RECORDS SHOWN >>
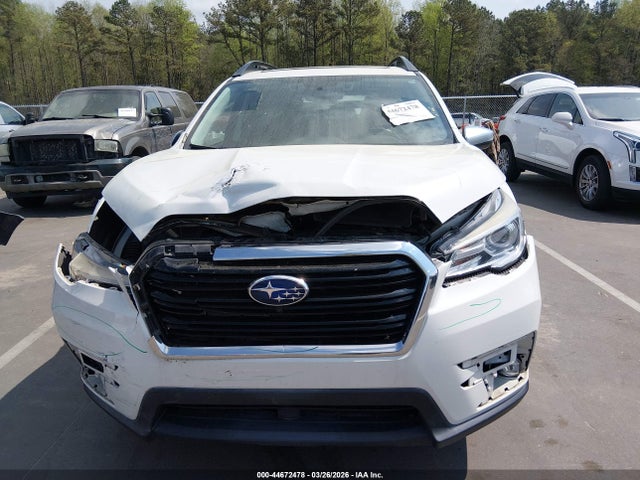 2019 Subaru Ascent Touring მანქანა იყიდება აუქციონზე, vin: 4S4WMARD5K3430324, აუქციონის ნომერი: 44672478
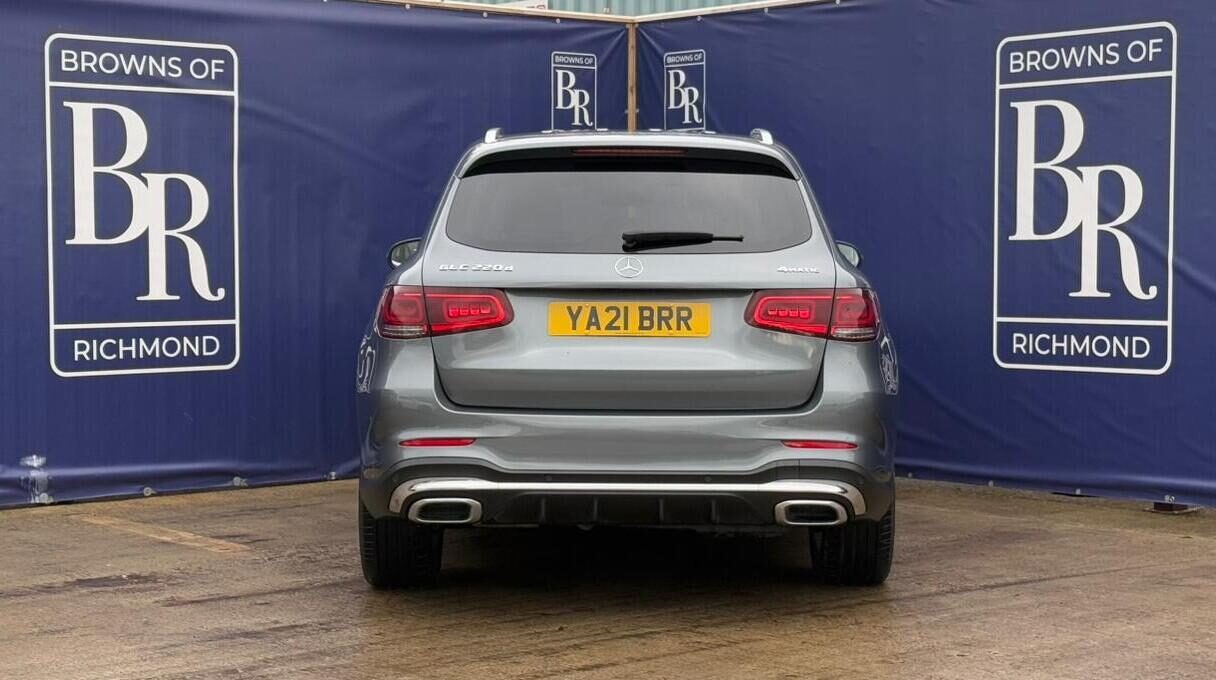 Used Mercedes-Benz GLC 2021 for sale - 76739412: Photo 7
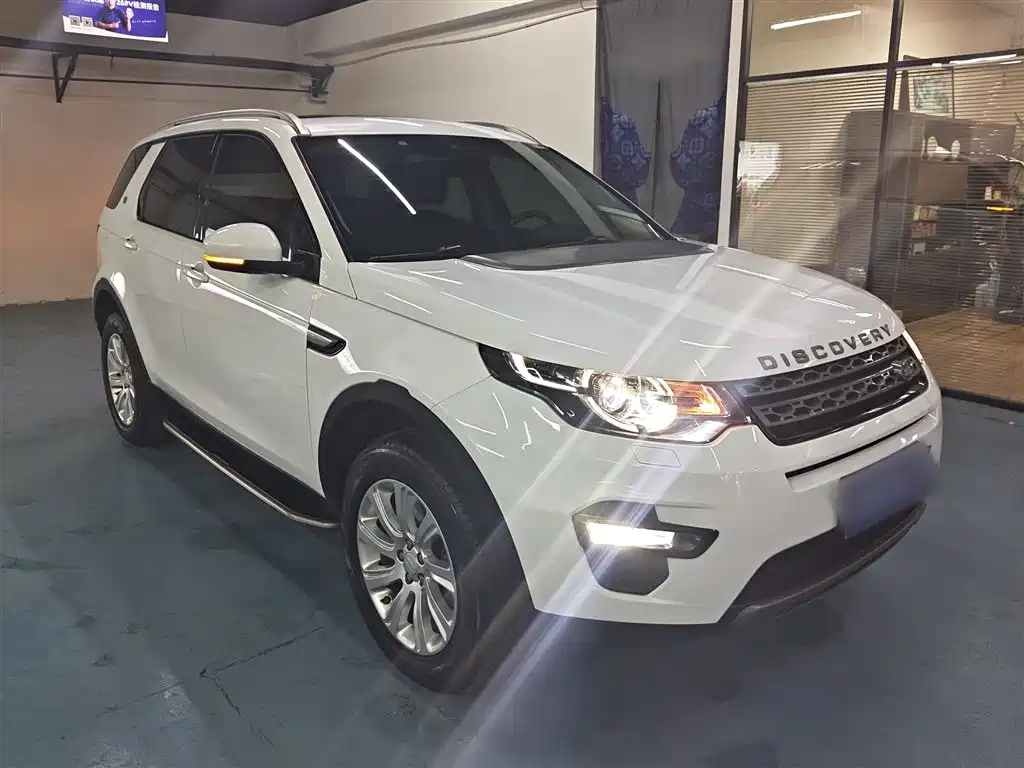 Discover Shenxing 2019 240PS SE version National VI купить на сайте DeffCars
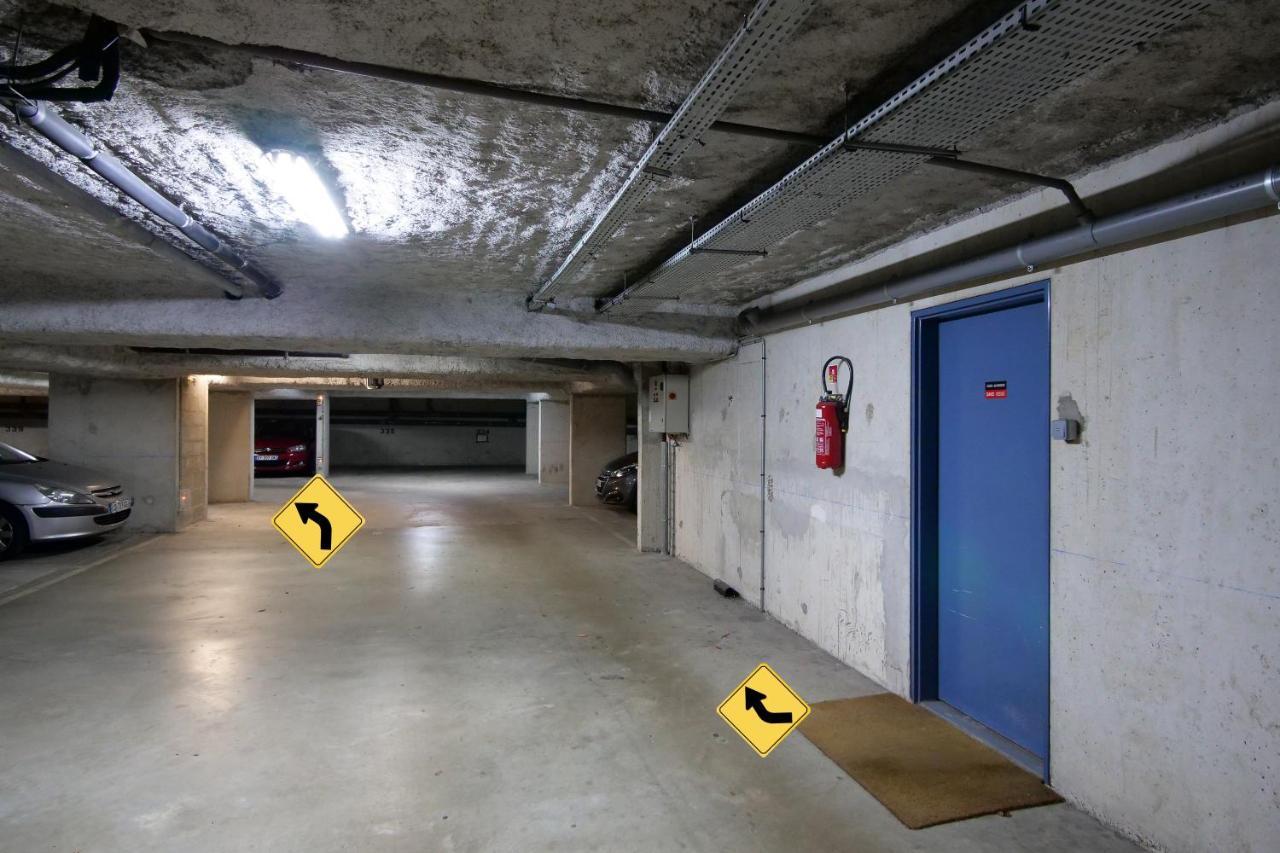 *Disneyland/Chessy* Appartement Idealement Situe Chessy  Kültér fotó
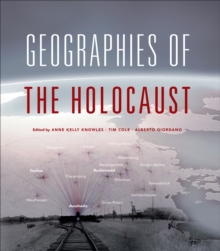 Image for Geographies of the Holocaust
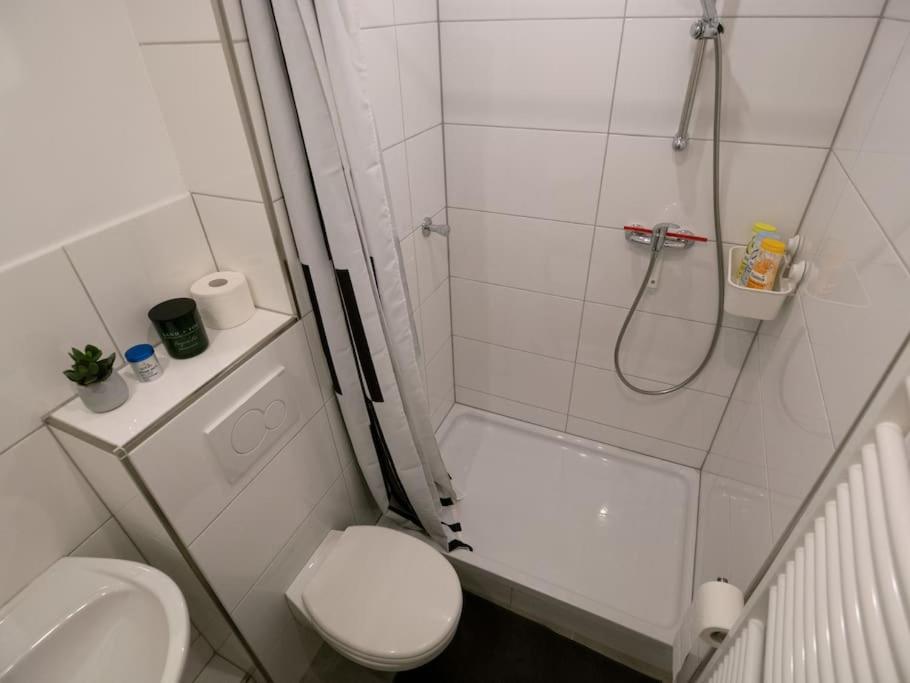 Natuerlich Mit Stil - 24-7 Und Check-In Apartman Kiel Kültér fotó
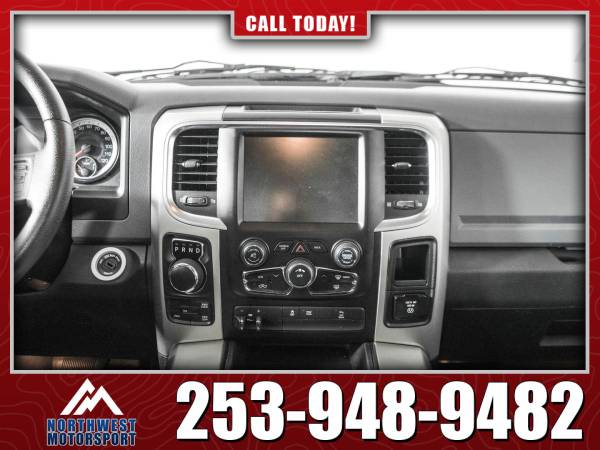 2015 Dodge Ram 1500 SLT 4x4 - - by dealer - vehicle for sale in PUYALLUP, WA – photo 14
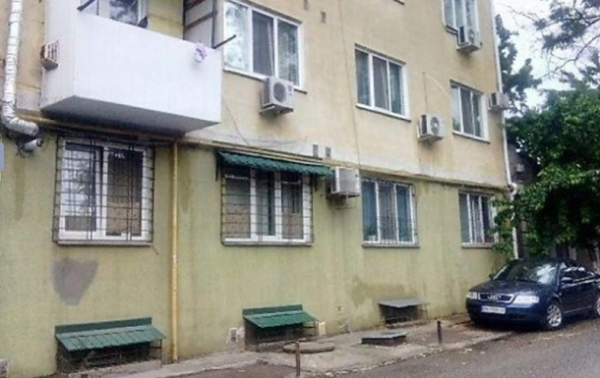 В Одессе нашли скелет на чердаке дома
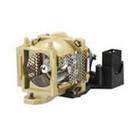 Al    Series Lamp   Housing For The Mitsubishi Xd90u Projector - 90 Day Warranty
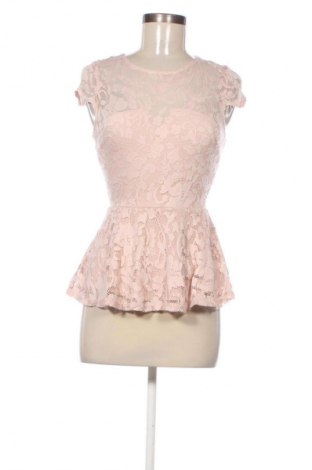 Bluzka damska Gina Tricot, Rozmiar XS, Kolor Różowy, Cena 45,98 zł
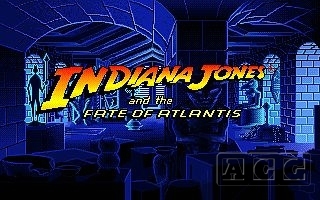 Indiana Jones and the Fate of Atlantis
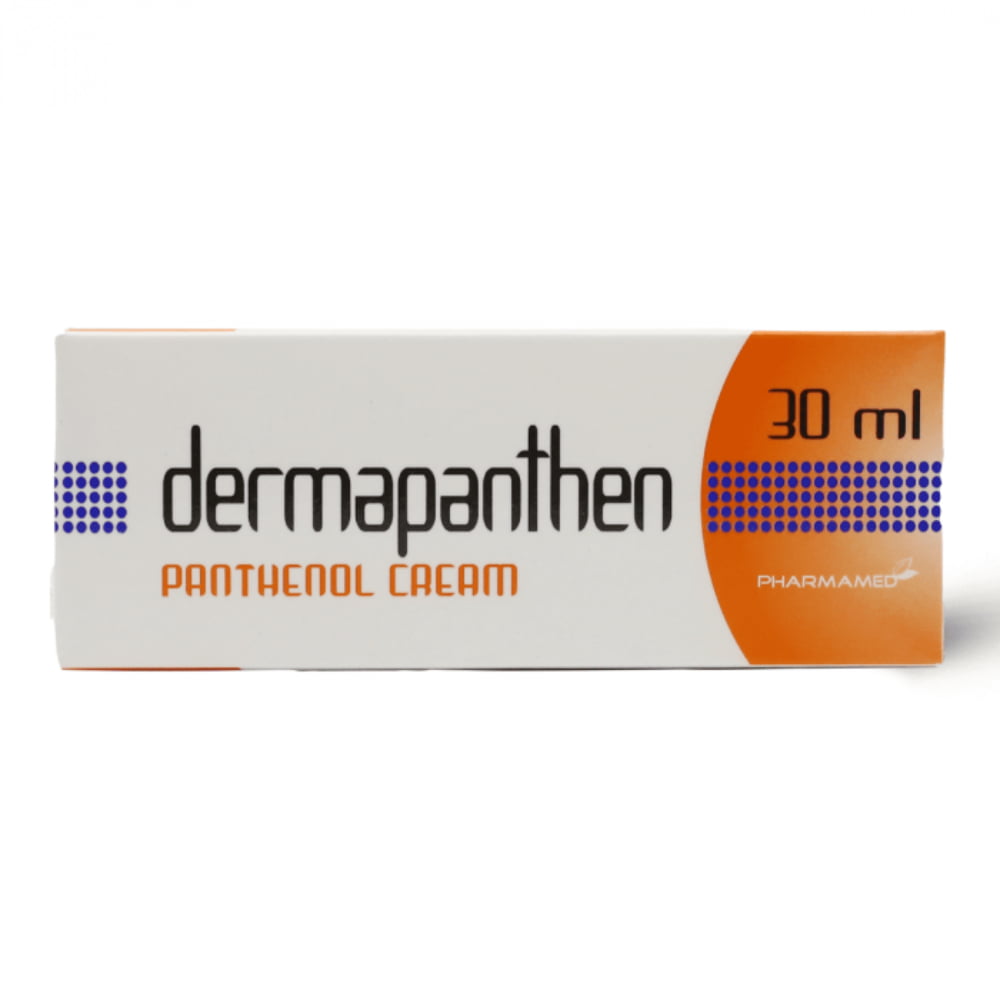 Dermavit Panthenol Cream 30ml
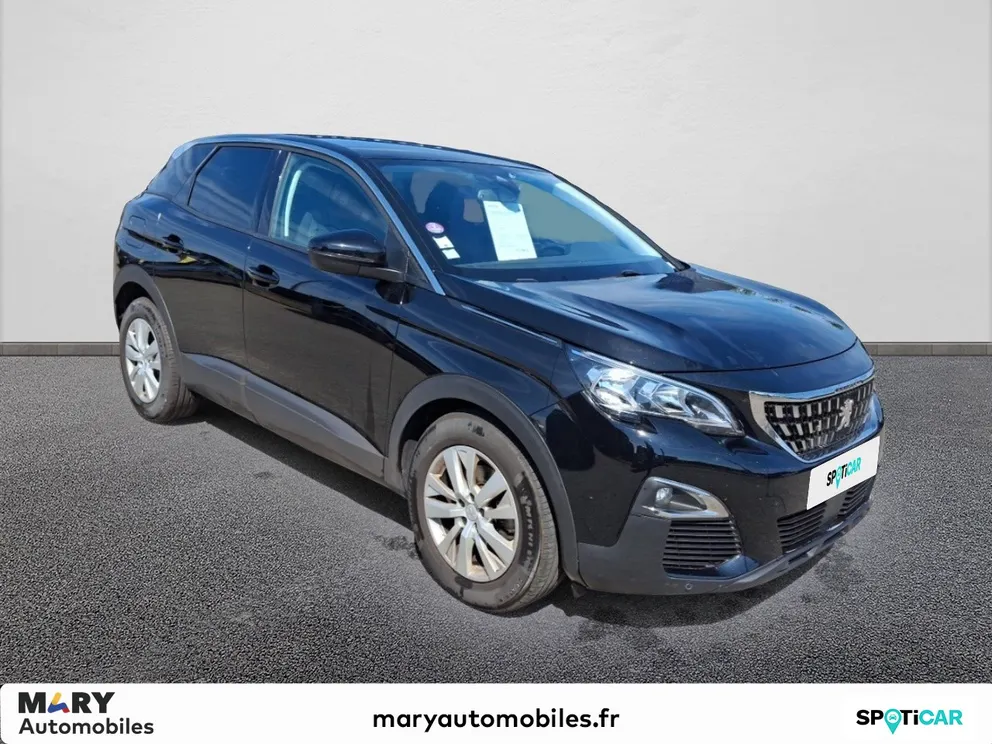 Véhicule occasion 1232877 - peugeot 3008 - Photo 5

ASSIGNMENT >>
Although the records above include pictures, the copy must contain only their exact text.

TASK OUTPUT >>
 2019 Subaru Ascent Touring მანქანა იყიდება აუქციონზე, vin: 4S4WMARD5K3430324, აუქციონის ნომერი: 44672478
 Used Mercedes-Benz GLC 2021 for sale - 76739412: Photo 7
 Discover Shenxing 2019 240PS SE version National VI купить на сайте DeffCars
 *Disneyland/Chessy* Appartement Idealement Situe Chessy  Kültér fotó
 Image for Geographies of the Holocaust
 Natuerlich Mit Stil - 24-7 Und Check-In Apartman Kiel Kültér fotó
 2015 Dodge Ram 1500 SLT 4x4 - - by dealer - vehicle for sale in PUYALLUP, WA – photo 14
 В Одессе нашли скелет на чердаке дома
 Al    Series Lamp   Housing For The Mitsubishi Xd90u Projector - 90 Day Warranty
 Bluzka damska Gina Tricot, Rozmiar XS, Kolor Różowy, Cena 45,98 zł
 Indiana Jones and the Fate of Atlantis
 Dermavit Panthenol Cream 30ml
 Véhicule occasion 1232877 - peugeot 3008 - Photo 5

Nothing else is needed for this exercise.